TASK DIRECTIONS - The line that contains "305/567 Glenferrie Road, Hawthorn image 3" marks the end: retype the data below exactly from its first line through that line.

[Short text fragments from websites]
————————
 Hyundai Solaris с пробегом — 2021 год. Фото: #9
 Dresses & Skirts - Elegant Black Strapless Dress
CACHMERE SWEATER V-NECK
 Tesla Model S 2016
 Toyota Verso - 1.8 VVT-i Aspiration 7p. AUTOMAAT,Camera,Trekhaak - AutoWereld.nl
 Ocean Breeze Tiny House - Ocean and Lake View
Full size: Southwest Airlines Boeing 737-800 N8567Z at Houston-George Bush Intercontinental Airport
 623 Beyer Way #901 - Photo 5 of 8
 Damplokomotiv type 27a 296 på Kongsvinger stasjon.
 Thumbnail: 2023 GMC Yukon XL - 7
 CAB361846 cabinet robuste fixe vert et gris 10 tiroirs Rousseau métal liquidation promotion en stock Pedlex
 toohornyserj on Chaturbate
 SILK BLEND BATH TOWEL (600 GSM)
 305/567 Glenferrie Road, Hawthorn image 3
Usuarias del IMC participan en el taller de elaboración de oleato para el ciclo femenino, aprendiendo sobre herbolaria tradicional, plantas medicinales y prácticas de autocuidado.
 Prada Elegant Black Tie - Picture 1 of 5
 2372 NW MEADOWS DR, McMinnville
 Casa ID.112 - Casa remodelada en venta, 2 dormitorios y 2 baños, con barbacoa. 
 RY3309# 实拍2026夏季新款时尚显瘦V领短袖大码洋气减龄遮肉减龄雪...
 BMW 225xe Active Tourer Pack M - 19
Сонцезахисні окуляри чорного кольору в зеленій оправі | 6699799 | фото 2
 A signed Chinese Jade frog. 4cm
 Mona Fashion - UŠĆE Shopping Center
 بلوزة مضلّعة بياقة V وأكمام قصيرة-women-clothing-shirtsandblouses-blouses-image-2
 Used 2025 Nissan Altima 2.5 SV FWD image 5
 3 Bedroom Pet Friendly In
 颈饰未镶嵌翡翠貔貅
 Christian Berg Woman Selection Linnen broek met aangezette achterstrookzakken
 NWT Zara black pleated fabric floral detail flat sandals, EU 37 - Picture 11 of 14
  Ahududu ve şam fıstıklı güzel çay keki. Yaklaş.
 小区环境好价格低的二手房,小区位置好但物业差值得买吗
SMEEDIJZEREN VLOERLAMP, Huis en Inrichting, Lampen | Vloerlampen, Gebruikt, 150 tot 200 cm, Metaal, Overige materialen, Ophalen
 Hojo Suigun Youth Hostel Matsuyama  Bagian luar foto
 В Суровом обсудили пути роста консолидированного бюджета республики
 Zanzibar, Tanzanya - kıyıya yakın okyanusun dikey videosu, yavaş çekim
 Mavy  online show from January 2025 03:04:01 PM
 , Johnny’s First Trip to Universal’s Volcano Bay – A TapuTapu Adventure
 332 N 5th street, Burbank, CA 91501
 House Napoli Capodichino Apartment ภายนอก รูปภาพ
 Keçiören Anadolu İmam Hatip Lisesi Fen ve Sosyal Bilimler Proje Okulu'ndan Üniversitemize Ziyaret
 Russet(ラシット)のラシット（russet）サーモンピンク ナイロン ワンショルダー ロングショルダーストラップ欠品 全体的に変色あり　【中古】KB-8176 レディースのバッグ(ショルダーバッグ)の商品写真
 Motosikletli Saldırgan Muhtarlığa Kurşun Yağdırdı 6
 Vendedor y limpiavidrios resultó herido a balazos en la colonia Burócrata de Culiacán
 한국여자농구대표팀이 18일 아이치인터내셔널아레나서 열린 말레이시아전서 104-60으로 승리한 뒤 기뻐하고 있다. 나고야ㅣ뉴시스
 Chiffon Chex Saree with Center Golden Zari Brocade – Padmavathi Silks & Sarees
————————
RESPONSE TO THE TASK -
 Hyundai Solaris с пробегом — 2021 год. Фото: #9
 Dresses & Skirts - Elegant Black Strapless Dress
CACHMERE SWEATER V-NECK
 Tesla Model S 2016
 Toyota Verso - 1.8 VVT-i Aspiration 7p. AUTOMAAT,Camera,Trekhaak - AutoWereld.nl
 Ocean Breeze Tiny House - Ocean and Lake View
Full size: Southwest Airlines Boeing 737-800 N8567Z at Houston-George Bush Intercontinental Airport
 623 Beyer Way #901 - Photo 5 of 8
 Damplokomotiv type 27a 296 på Kongsvinger stasjon.
 Thumbnail: 2023 GMC Yukon XL - 7
 CAB361846 cabinet robuste fixe vert et gris 10 tiroirs Rousseau métal liquidation promotion en stock Pedlex
 toohornyserj on Chaturbate
 SILK BLEND BATH TOWEL (600 GSM)
 305/567 Glenferrie Road, Hawthorn image 3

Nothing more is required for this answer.